**DATA SECTION**
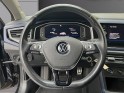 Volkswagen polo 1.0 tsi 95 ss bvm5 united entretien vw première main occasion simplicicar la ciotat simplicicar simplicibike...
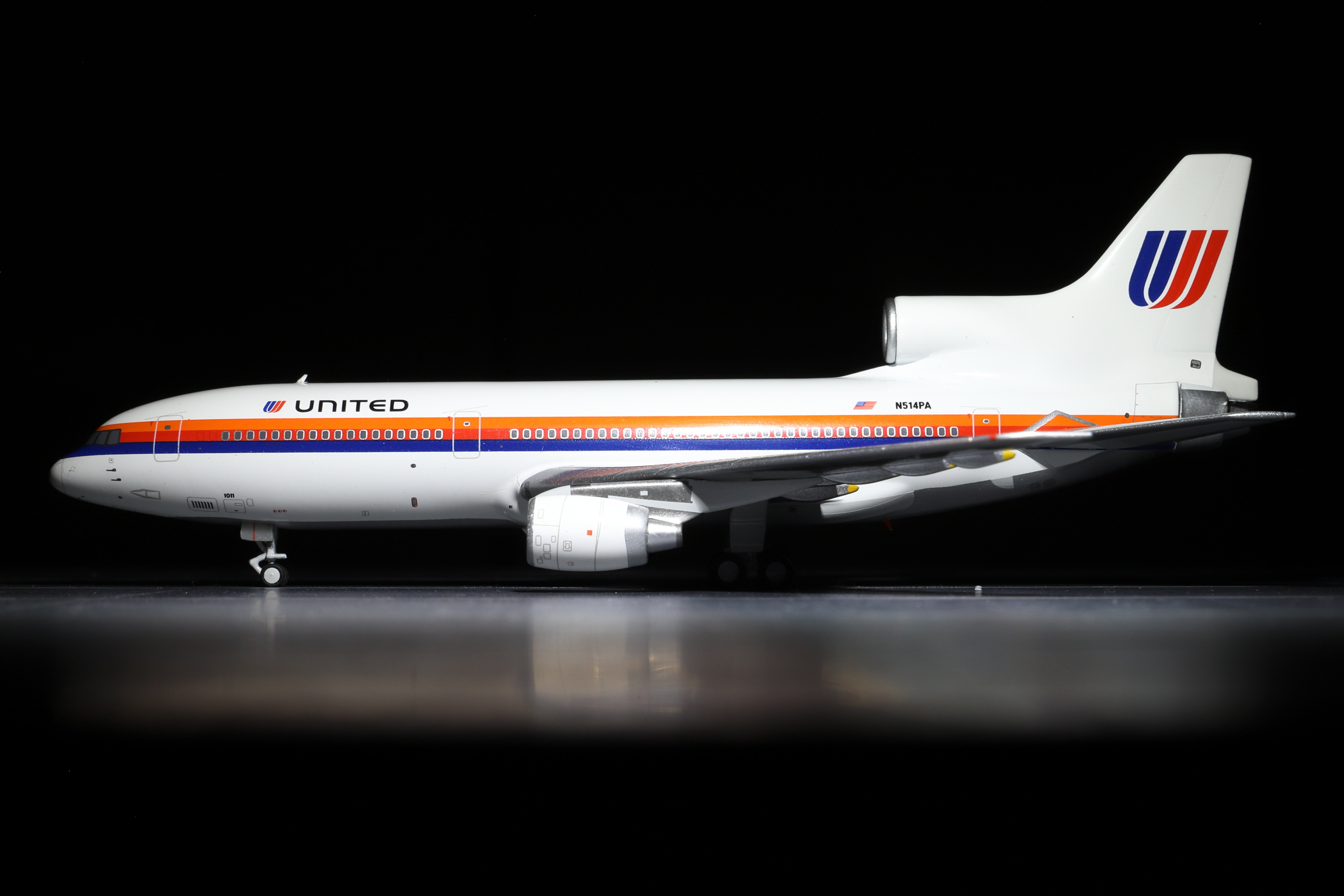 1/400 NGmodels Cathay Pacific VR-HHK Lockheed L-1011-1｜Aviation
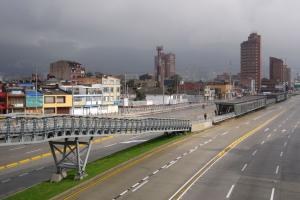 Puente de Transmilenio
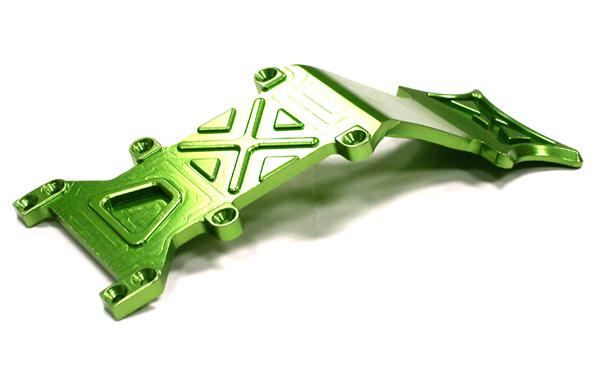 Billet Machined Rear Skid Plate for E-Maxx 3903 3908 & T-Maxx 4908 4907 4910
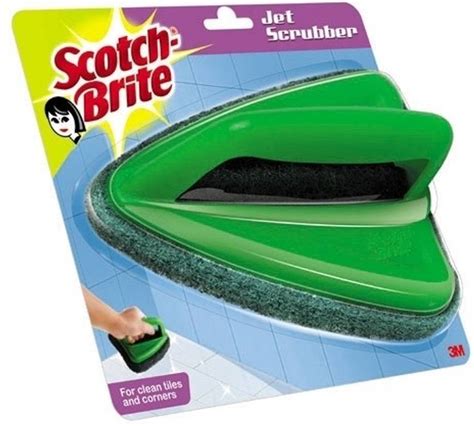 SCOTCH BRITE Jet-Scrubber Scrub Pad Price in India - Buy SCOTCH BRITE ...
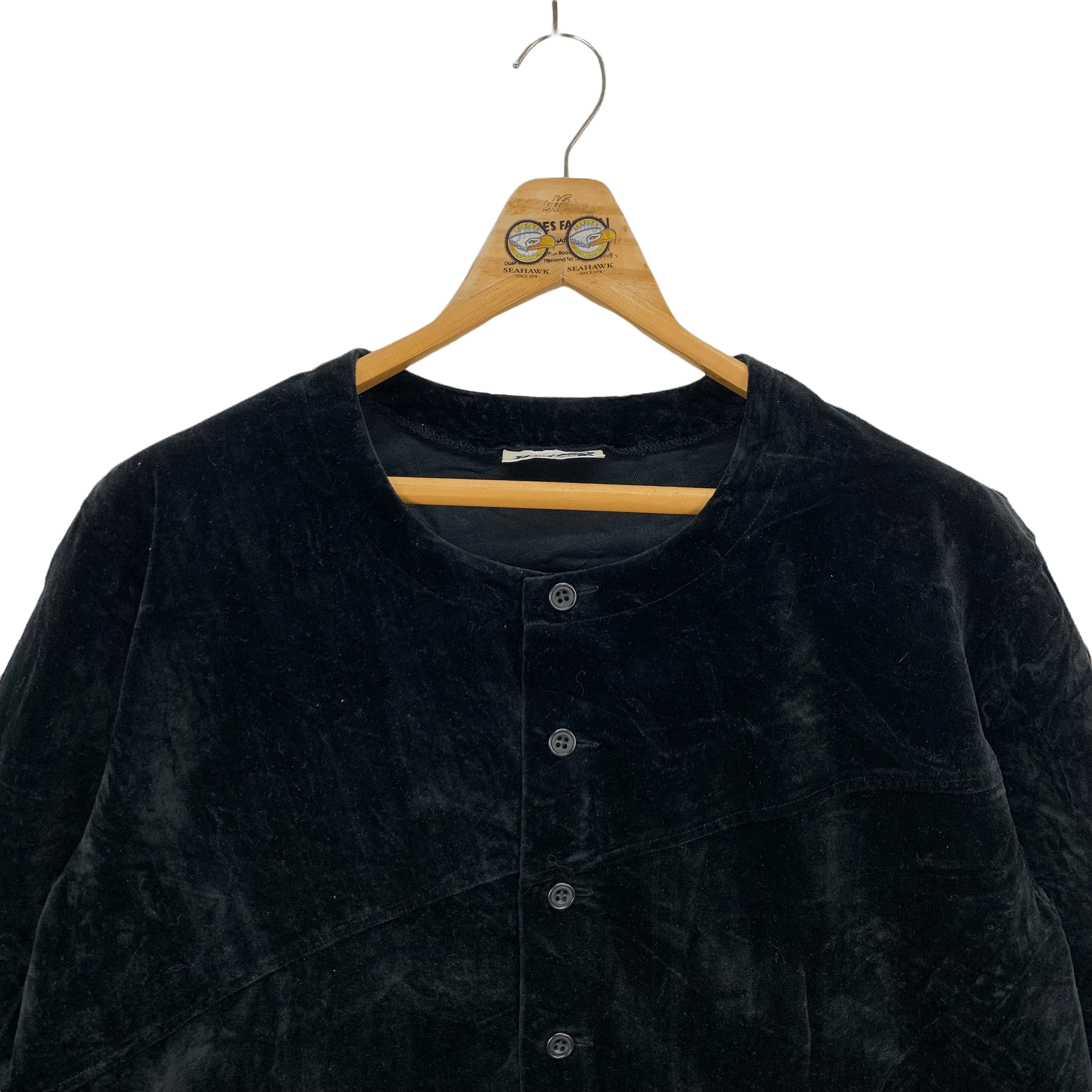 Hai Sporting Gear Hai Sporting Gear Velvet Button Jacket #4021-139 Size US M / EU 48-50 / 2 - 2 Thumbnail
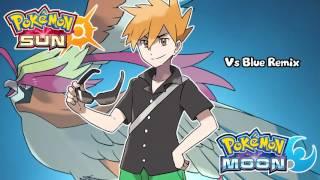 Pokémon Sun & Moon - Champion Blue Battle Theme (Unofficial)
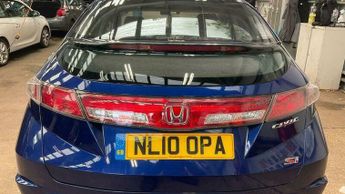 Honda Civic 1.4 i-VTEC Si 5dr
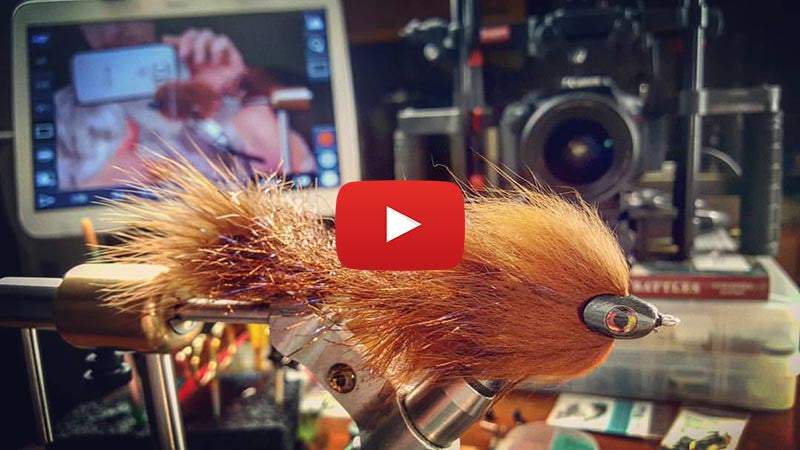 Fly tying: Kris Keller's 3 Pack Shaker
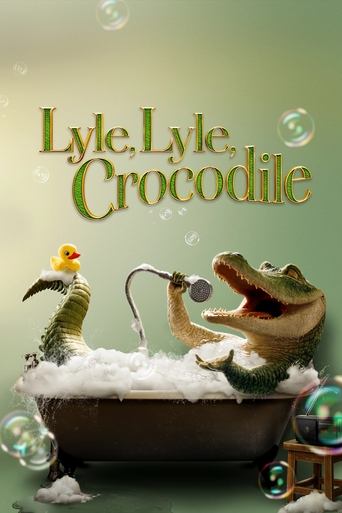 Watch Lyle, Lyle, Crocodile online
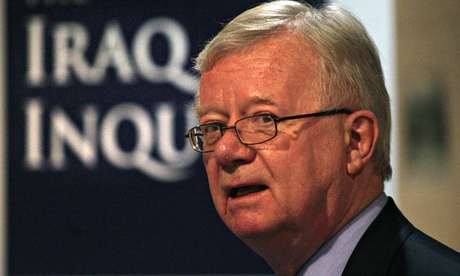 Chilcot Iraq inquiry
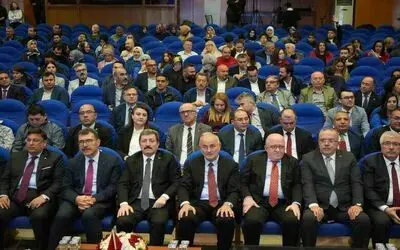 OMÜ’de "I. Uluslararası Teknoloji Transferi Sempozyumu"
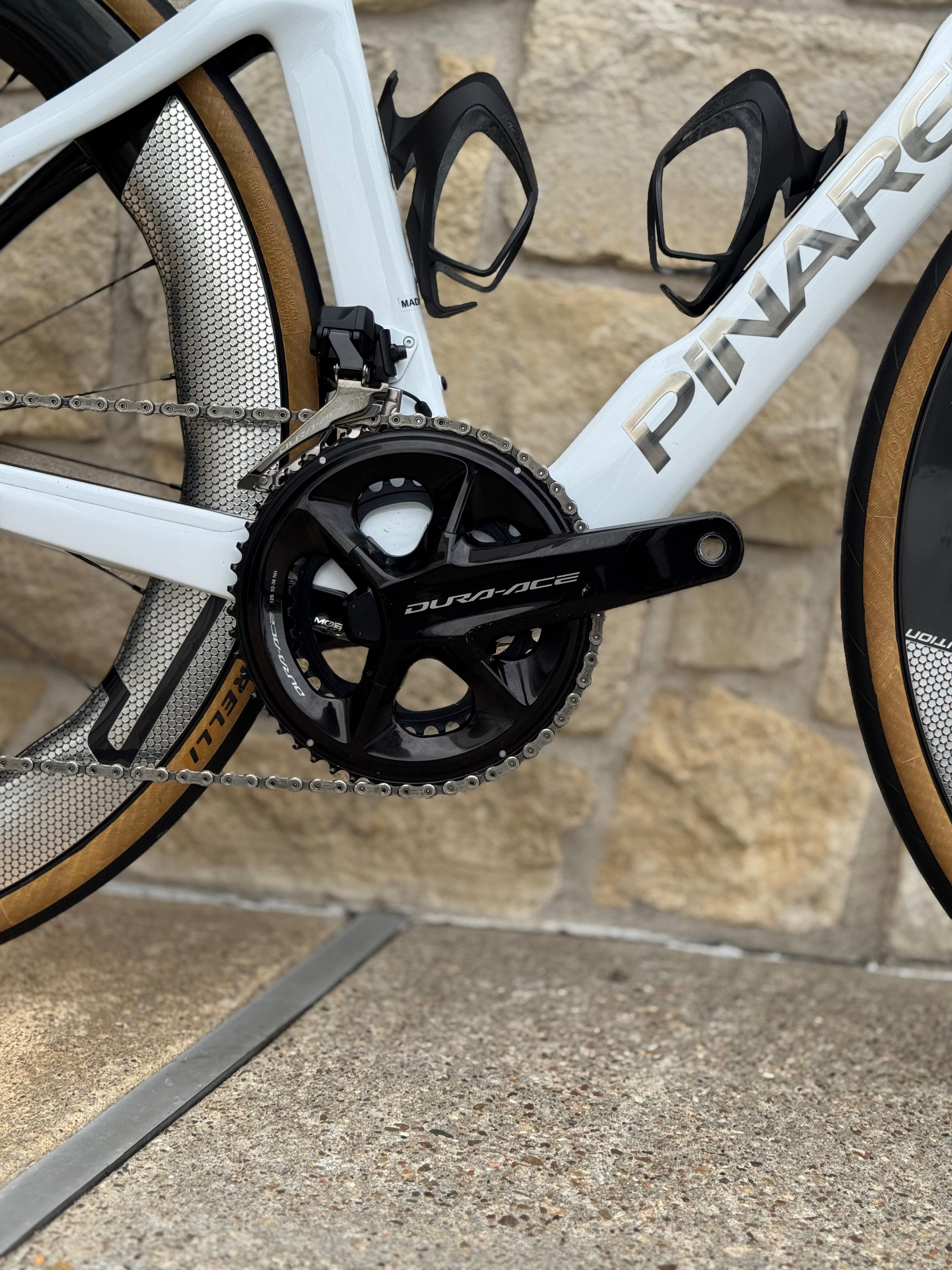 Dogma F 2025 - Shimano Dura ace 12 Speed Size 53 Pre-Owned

**EXERCISE PROMPT**
Exactly reproduce each entry, but drop the pictures.

**FINISHED EXERCISE**
 Volkswagen polo 1.0 tsi 95 ss bvm5 united entretien vw première main occasion simplicicar la ciotat simplicicar simplicibike...
 1/400 NGmodels Cathay Pacific VR-HHK Lockheed L-1011-1｜Aviation
 Puente de Transmilenio
 Billet Machined Rear Skid Plate for E-Maxx 3903 3908 & T-Maxx 4908 4907 4910
 SCOTCH BRITE Jet-Scrubber Scrub Pad Price in India - Buy SCOTCH BRITE ...
 Hai Sporting Gear Hai Sporting Gear Velvet Button Jacket #4021-139 Size US M / EU 48-50 / 2 - 2 Thumbnail
 Pokémon Sun & Moon - Champion Blue Battle Theme (Unofficial)
 Honda Civic 1.4 i-VTEC Si 5dr
 Fly tying: Kris Keller's 3 Pack Shaker
 Watch Lyle, Lyle, Crocodile online
 Chilcot Iraq inquiry
 OMÜ’de "I. Uluslararası Teknoloji Transferi Sempozyumu"
 Dogma F 2025 - Shimano Dura ace 12 Speed Size 53 Pre-Owned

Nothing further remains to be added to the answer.